AIM OF THE TASK — Of the entries below, repeat exactly only those lines from the one containing "Carbon Fiber Monopod" through the last line, with pictures omitted.

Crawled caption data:
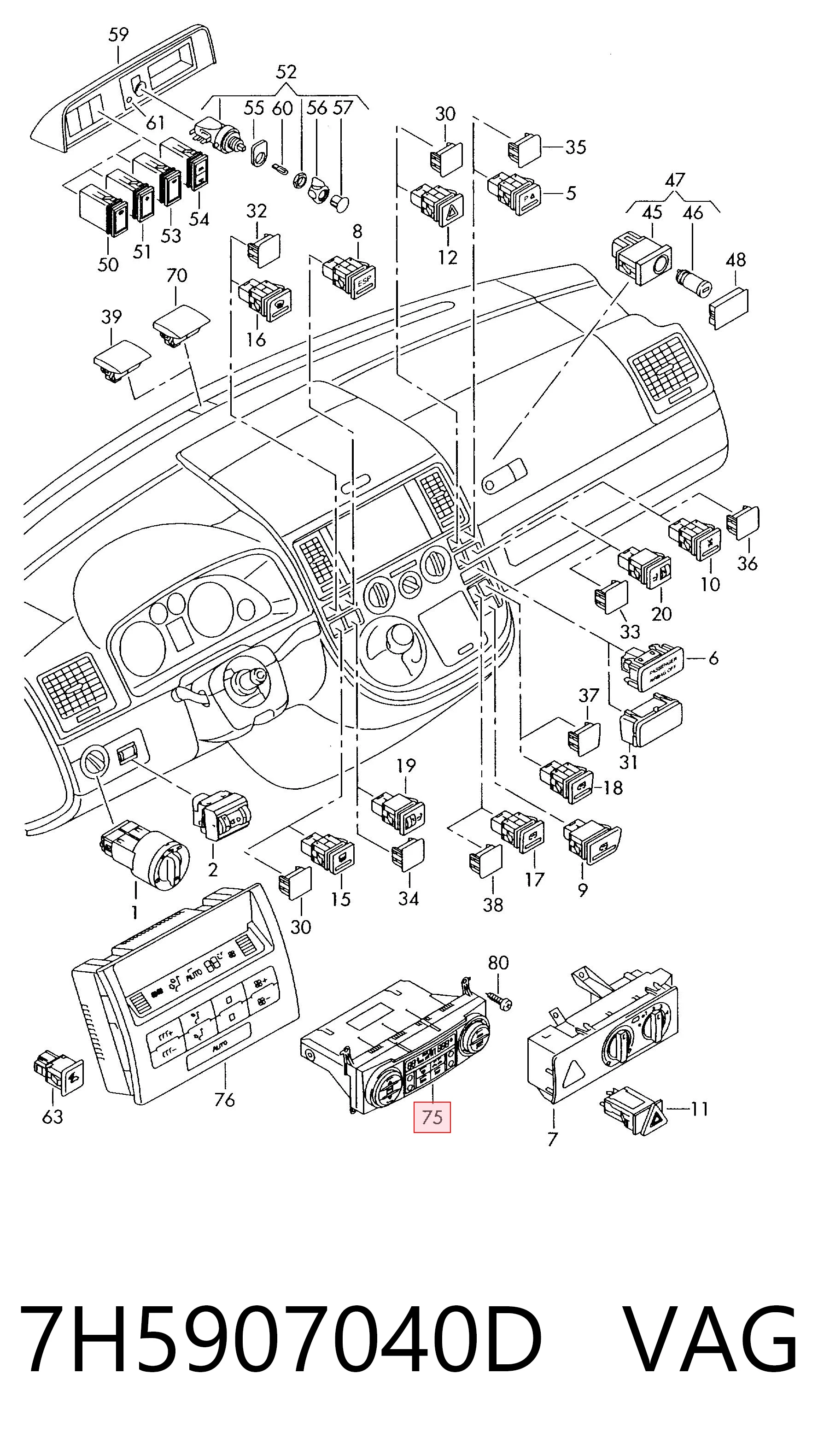 Unidad de control aire acondicionado para Volkswagen Multivan 7HM, 7HN, 7HF, 7EF, 7EM, 7EN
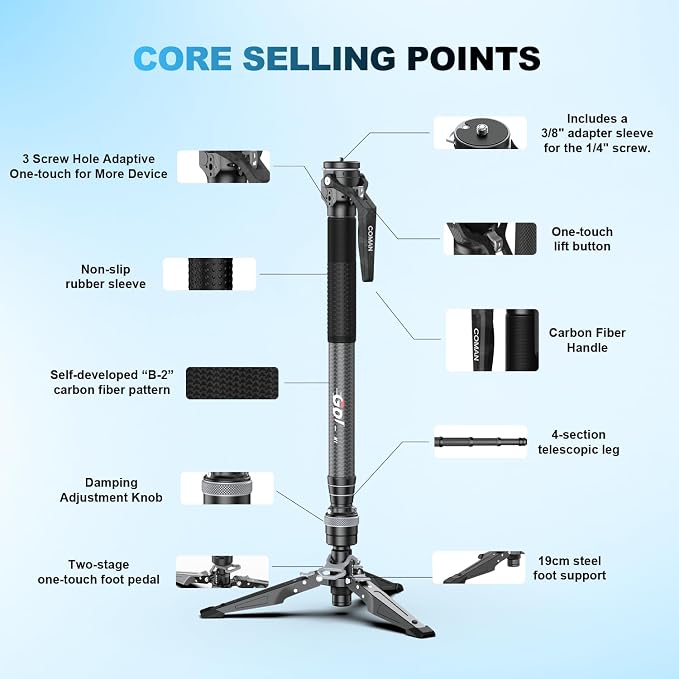 COMAN M1 62.8" Carbon Fiber Monopod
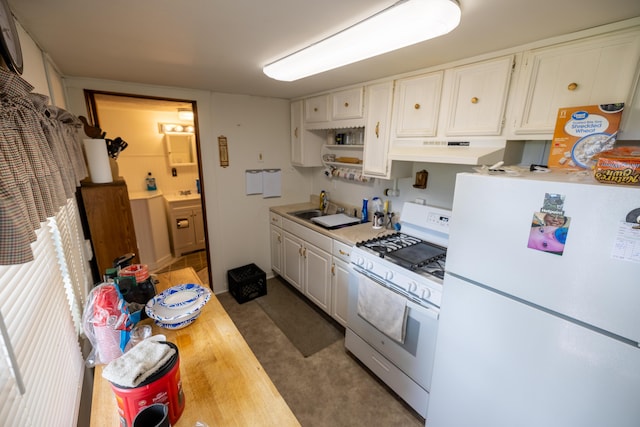 408 Olive St, Greenfield, OH 45123 - kitchen featuring white appliances, under cabinet range hood, white cabinetry, a sink, and open shelves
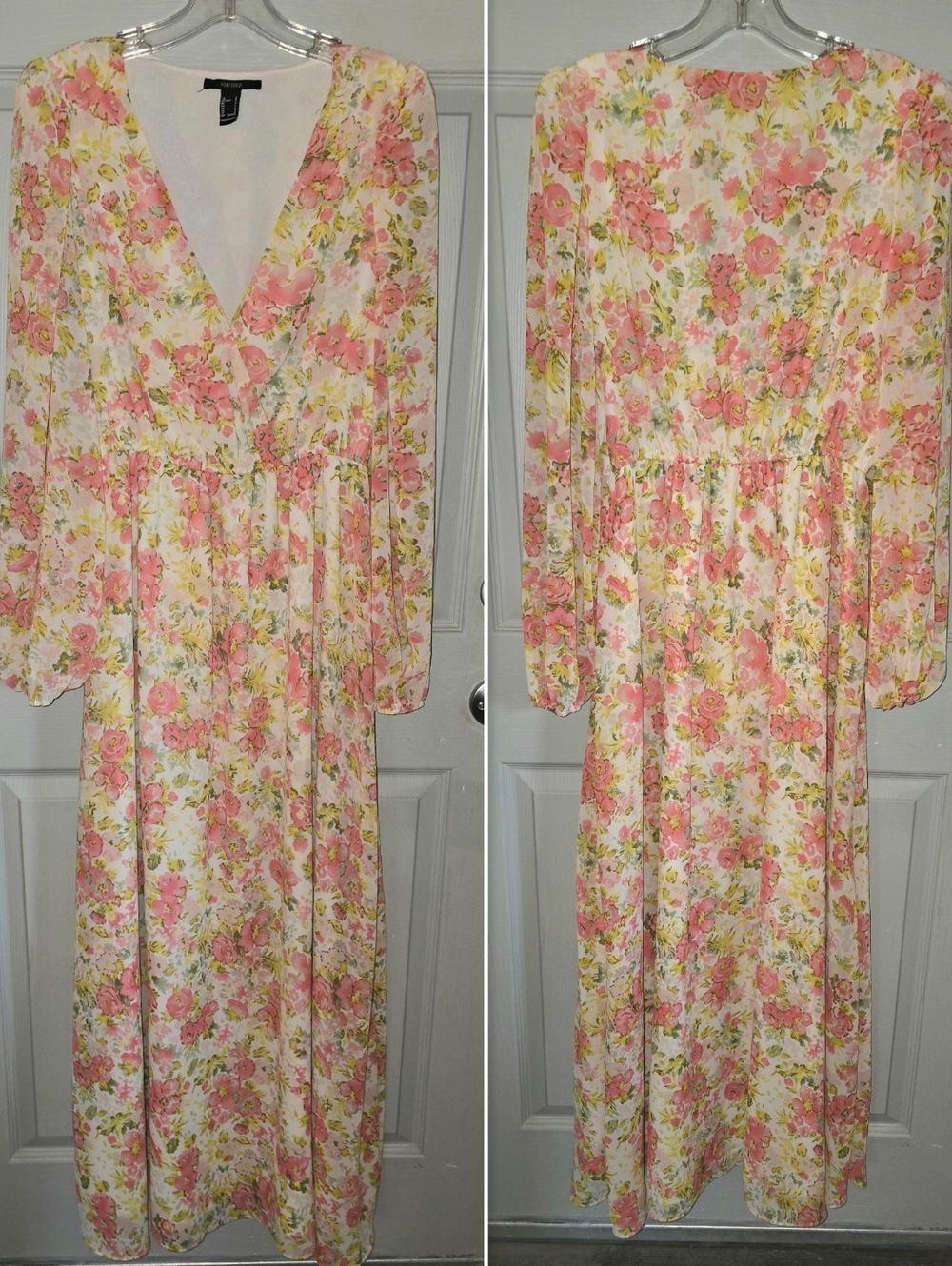 Forever 21 Boho Floral Puff Shoulder Semi Sheer Balloon Sleeve Maxi Dress Size L - Picture 2 of 7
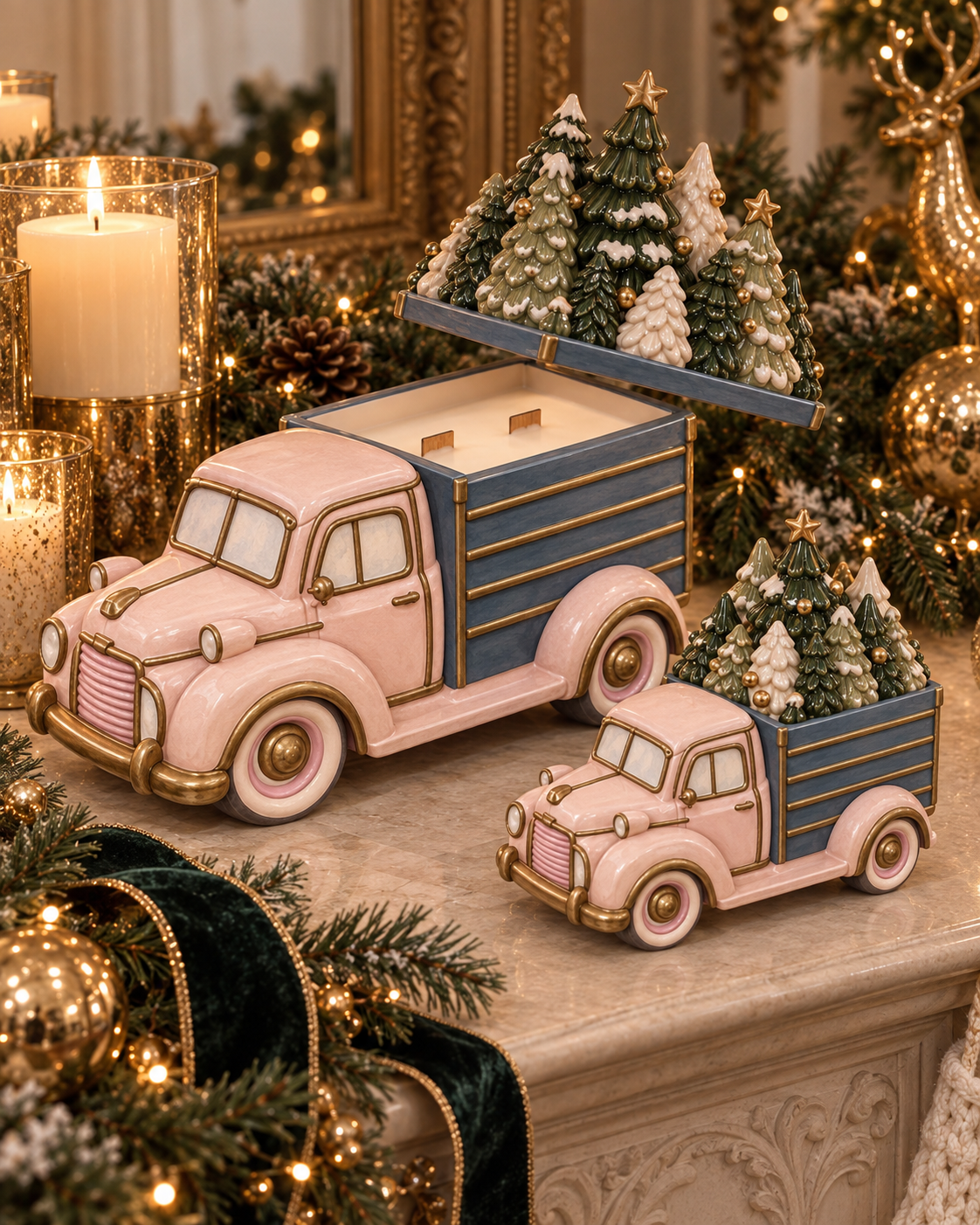 Vintage pink truck candle vessel with a decorative Christmas tree lid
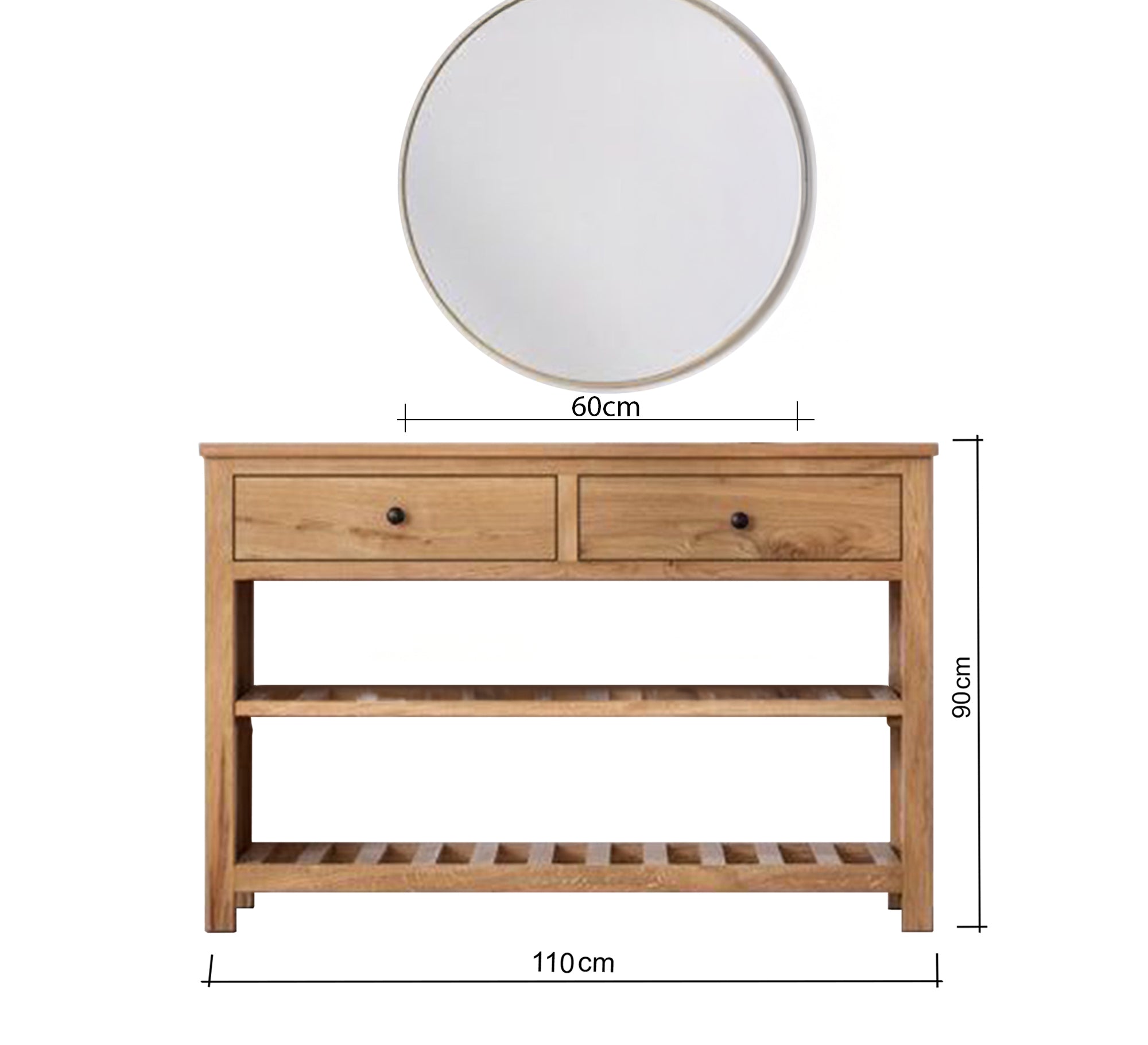 Light wood console table with two drawers and two shelves with a round mirror top - Vitrine Furniture - Furniture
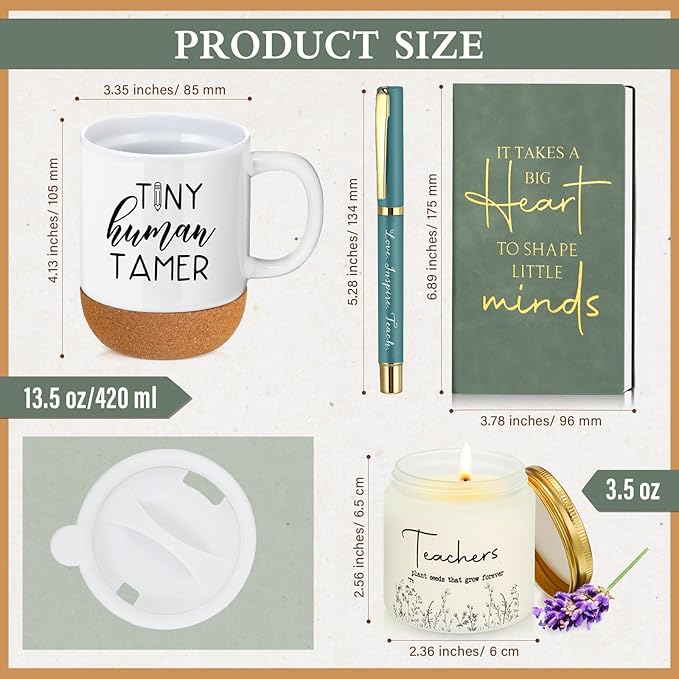 4 Pcs Tiny Humans Tamer Teacher Appreciation Gift Set for Mom Preschool Kindergarten Daycare Teacher Thank You Notebook Coffee Mug Cup with Lid Scented Candle Ballpoint Pen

ANSWER FOR THIS EXERCISE —
 COMAN M1 62.8" Carbon Fiber Monopod
 408 Olive St, Greenfield, OH 45123 - kitchen featuring white appliances, under cabinet range hood, white cabinetry, a sink, and open shelves
 Forever 21 Boho Floral Puff Shoulder Semi Sheer Balloon Sleeve Maxi Dress Size L - Picture 2 of 7
 Vintage pink truck candle vessel with a decorative Christmas tree lid
 Light wood console table with two drawers and two shelves with a round mirror top - Vitrine Furniture - Furniture
 4 Pcs Tiny Humans Tamer Teacher Appreciation Gift Set for Mom Preschool Kindergarten Daycare Teacher Thank You Notebook Coffee Mug Cup with Lid Scented Candle Ballpoint Pen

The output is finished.